[Captioned web image data]
/---
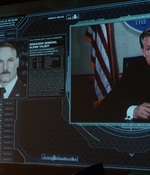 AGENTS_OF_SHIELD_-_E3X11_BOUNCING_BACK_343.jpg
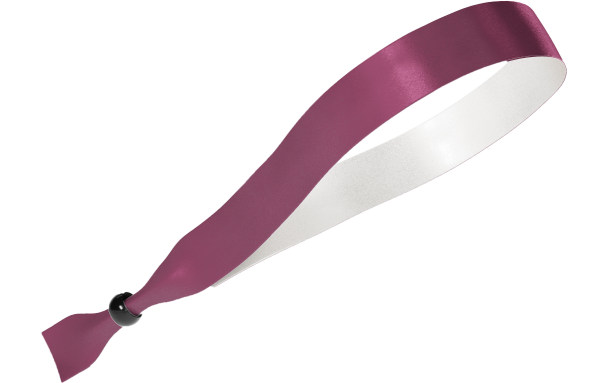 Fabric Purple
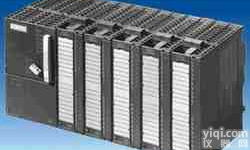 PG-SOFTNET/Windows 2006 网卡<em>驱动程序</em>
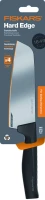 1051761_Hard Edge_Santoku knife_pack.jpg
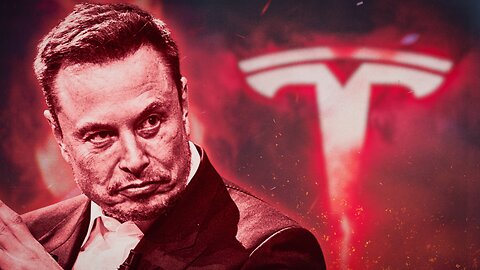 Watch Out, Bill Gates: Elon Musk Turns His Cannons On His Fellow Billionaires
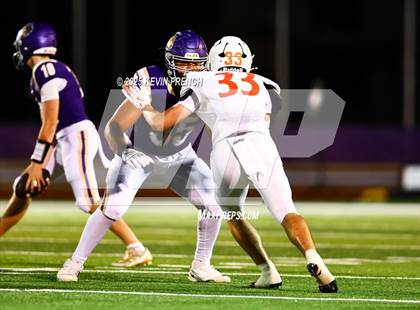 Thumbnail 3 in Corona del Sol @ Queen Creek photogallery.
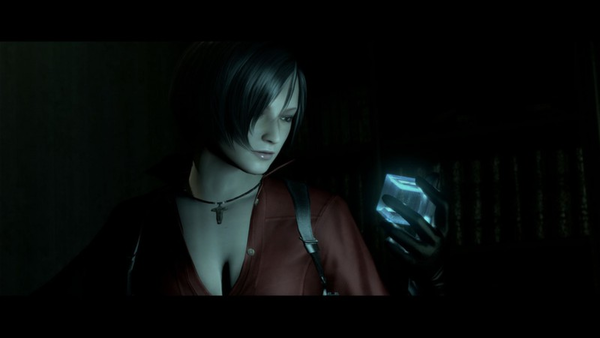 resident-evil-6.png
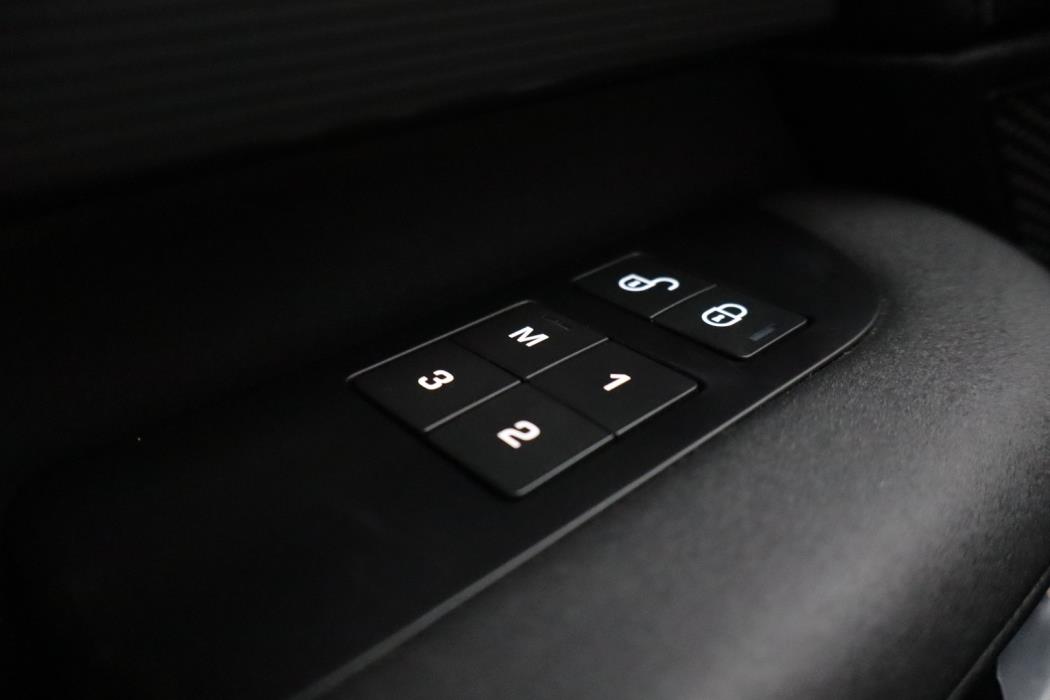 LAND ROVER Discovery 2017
\---
=== TASK ===
Could you reproduce every record above exactly, leaving out the pictures?

=== RESULT OF THE TASK ===
 AGENTS_OF_SHIELD_-_E3X11_BOUNCING_BACK_343.jpg
 Fabric Purple
 PG-SOFTNET/Windows 2006 网卡<em>驱动程序</em>
 1051761_Hard Edge_Santoku knife_pack.jpg
 Watch Out, Bill Gates: Elon Musk Turns His Cannons On His Fellow Billionaires
 Thumbnail 3 in Corona del Sol @ Queen Creek photogallery.
 resident-evil-6.png
 LAND ROVER Discovery 2017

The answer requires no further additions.